You need a guy like Mikey in the Life cereal commercials. If Mikey can negotiate features and use them with some degree of ease, you're not going to get allot of complaints about documentation or loose customers who perceive Media Center as too complicated. To support this criticism, I offer the following:
I've been playing with panel and trying to figure out why my playlists and smartlist were not appearing. With much effort searching for instructions, and then trying to use the instructions, I've been able to somewhat get his working, however, unless I did this regularly, I would never remember how it's done. The settings are very complicated and in a language that is not intuitive for a person who does not eat and breath Media Center at low levels. The developers did a wonderful job providing the functionality. What's missing is the presentation to make it useable for end users. Someone who is not intimate with the settings and structure should try it and see for themselves. It all works perfectly when done properly but getting there is certainly an investment of time, and I got to believe too difficult for some. I assume there is a complicated reason why playlists and smartlists from the client aren't carried over to panel by default, but that feature would be very sweet. Every time I make some kind of list, I need to go do something again for it to appear in Panel and it's not something like just checking a box. If playlist can't be carried over by default, simplifying how to get them there and presenting the options in plain language would add a lot of value. In the business world I came from, this functionality would have to be configured in house by a trained lower level technical person, not a end user.
That being said, the ability to manipulate the software for panel is terrific and it all works!

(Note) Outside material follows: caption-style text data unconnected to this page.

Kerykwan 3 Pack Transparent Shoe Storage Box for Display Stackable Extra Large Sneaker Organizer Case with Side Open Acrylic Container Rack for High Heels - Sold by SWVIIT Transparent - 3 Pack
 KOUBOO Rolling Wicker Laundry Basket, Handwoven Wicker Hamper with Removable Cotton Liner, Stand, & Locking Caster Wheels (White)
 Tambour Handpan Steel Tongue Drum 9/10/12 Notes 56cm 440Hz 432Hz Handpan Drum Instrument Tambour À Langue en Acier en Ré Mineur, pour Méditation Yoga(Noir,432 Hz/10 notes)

Human nature leads people to assume the confusion they face with tools like this are a problem (technical deficiency) within themselves, and they likely give up, or just complain about a lack of documentation :}. A Mikey test with this and other user configurable options I bet would result in a simplified presentation and bring in/back users who go elsewhere for a more comfortable/easy solution
As I said, I'm not going anywhere else. Media Center for me is truly kid in a candy store fun, and I certainly don't want it dumbed down for mass consumption. like an Apple product, but pendulums swing and MC sometimes is on the opposite end of the swing from something like Itunes. A happy middle ground on usability would serve the product well.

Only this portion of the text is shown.